Simple distributed rate limiter with Elixir

While developing Elixir web apps you’ll find there are some activities or requests that can be way more expensive than others, something like calling an external API, sending a password reset email, a CPU intensive task or any other that fits your business model.

This is where a rate limiter comes handy, most web apps have a centralized rate limiter using technologies like Redis, Memcached or some algorithms such as Token Bucket or Generic cell rate algorithm, but we’re using Elixir and with it we have different posibilities:

Distributed Elixir

Let’s make it clear, stateful distributed systems are hard to implement and debug, even with the BEAM, which give us a set of tools to make it way easier.
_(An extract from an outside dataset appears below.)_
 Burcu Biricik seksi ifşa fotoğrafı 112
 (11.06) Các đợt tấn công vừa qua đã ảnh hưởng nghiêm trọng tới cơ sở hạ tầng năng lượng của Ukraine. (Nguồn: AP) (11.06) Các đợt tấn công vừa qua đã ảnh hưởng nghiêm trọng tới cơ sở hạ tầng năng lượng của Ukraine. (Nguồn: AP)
Since Elixir runs on top of it we can take advantage of these and try to get some distributed functionality without the need of external technologies or different languages.

Currently there are several hex packages that make Elixir nodes clustering eaiser, for our implementation we’ll use libcluster, which support different strategies like empd (Erlang Port Mapper Daemon), Multicast UDP gossip or Kubernetes.

Once we solve our clustering strategy we’ll need a way to run a distributed rate limiter, there are some hex packages out there such as Hammer, which can only handle a local data storage or use Redis, neither is what we’re looking for so we’ll create our own solution. As the title says, we’ll keep it simple.

Helper Libraries

Having a cluster of nodes conected is just part of running our distributed system, but what about net split healing? dynamic cluster size? supervised distributed processes? Fortunately there are some hex packages to help with this:

Swarm, which is probably the most famous in the Elixir community, and the newcomer Horde which is inspired by Swarm but makes it easier to maintain a separation between a global supervisor from a global registry and is based on delta-CRDTs (conflict-free replicated data types).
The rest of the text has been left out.